### EXERCISE DESCRIPTION
Print, in exact form, the lines below from the one containing "So you do that, there" through the one containing "That's it from", and omit all others.

### DATA TO EXAMINE
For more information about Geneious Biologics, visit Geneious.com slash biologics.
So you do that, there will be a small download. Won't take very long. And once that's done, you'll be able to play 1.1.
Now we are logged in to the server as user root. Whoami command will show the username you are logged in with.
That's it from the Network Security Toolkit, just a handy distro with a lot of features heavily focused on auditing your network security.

---

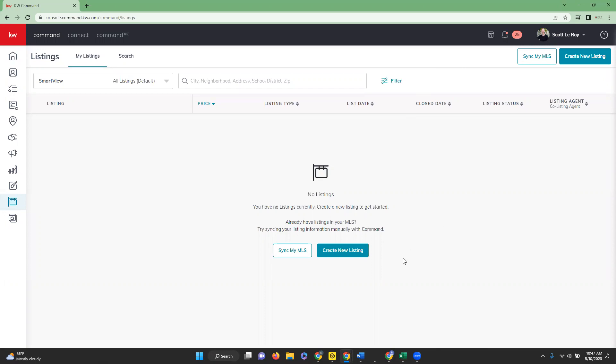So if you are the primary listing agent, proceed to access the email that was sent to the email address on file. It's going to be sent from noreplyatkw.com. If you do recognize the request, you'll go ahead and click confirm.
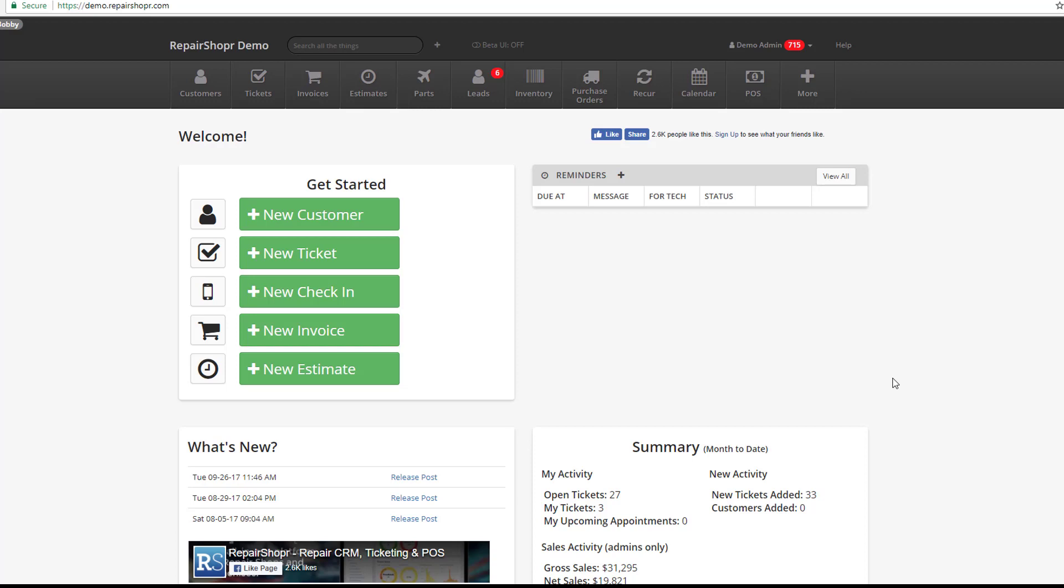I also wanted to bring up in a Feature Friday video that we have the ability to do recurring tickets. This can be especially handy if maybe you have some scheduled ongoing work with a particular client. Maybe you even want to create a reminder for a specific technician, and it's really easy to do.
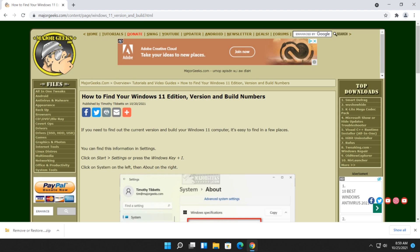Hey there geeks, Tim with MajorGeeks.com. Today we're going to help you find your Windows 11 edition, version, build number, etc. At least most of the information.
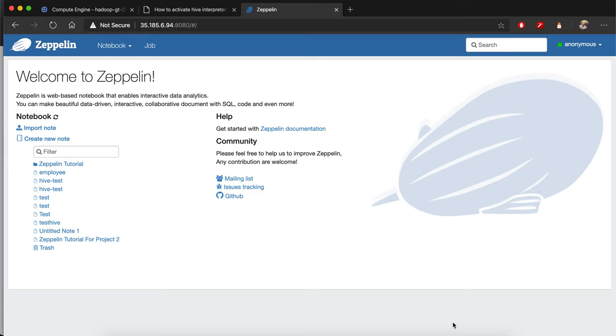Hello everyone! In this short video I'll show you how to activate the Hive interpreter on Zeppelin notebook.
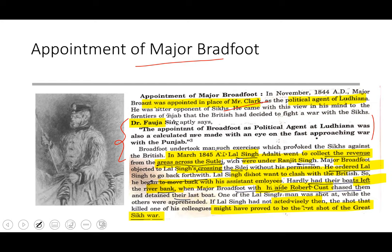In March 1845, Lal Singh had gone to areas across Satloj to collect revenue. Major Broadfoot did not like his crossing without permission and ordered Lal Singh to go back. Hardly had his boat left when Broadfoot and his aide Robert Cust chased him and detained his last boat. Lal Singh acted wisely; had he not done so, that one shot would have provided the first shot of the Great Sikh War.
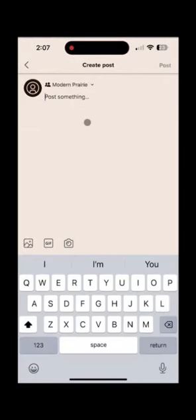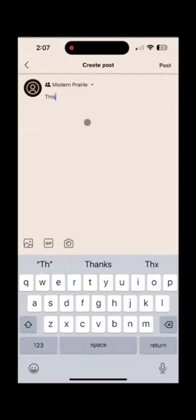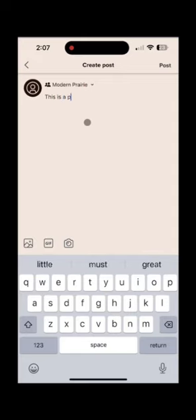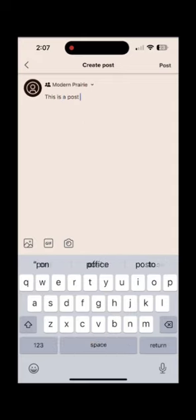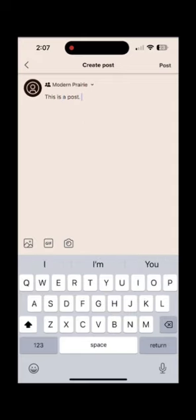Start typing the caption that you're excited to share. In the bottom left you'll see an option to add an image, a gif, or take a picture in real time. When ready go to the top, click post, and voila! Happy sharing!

### YOUR SOLUTION
So you do that, there will be a small download. Won't take very long. And once that's done, you'll be able to play 1.1.
Now we are logged in to the server as user root. Whoami command will show the username you are logged in with.
That's it from the Network Security Toolkit, just a handy distro with a lot of features heavily focused on auditing your network security.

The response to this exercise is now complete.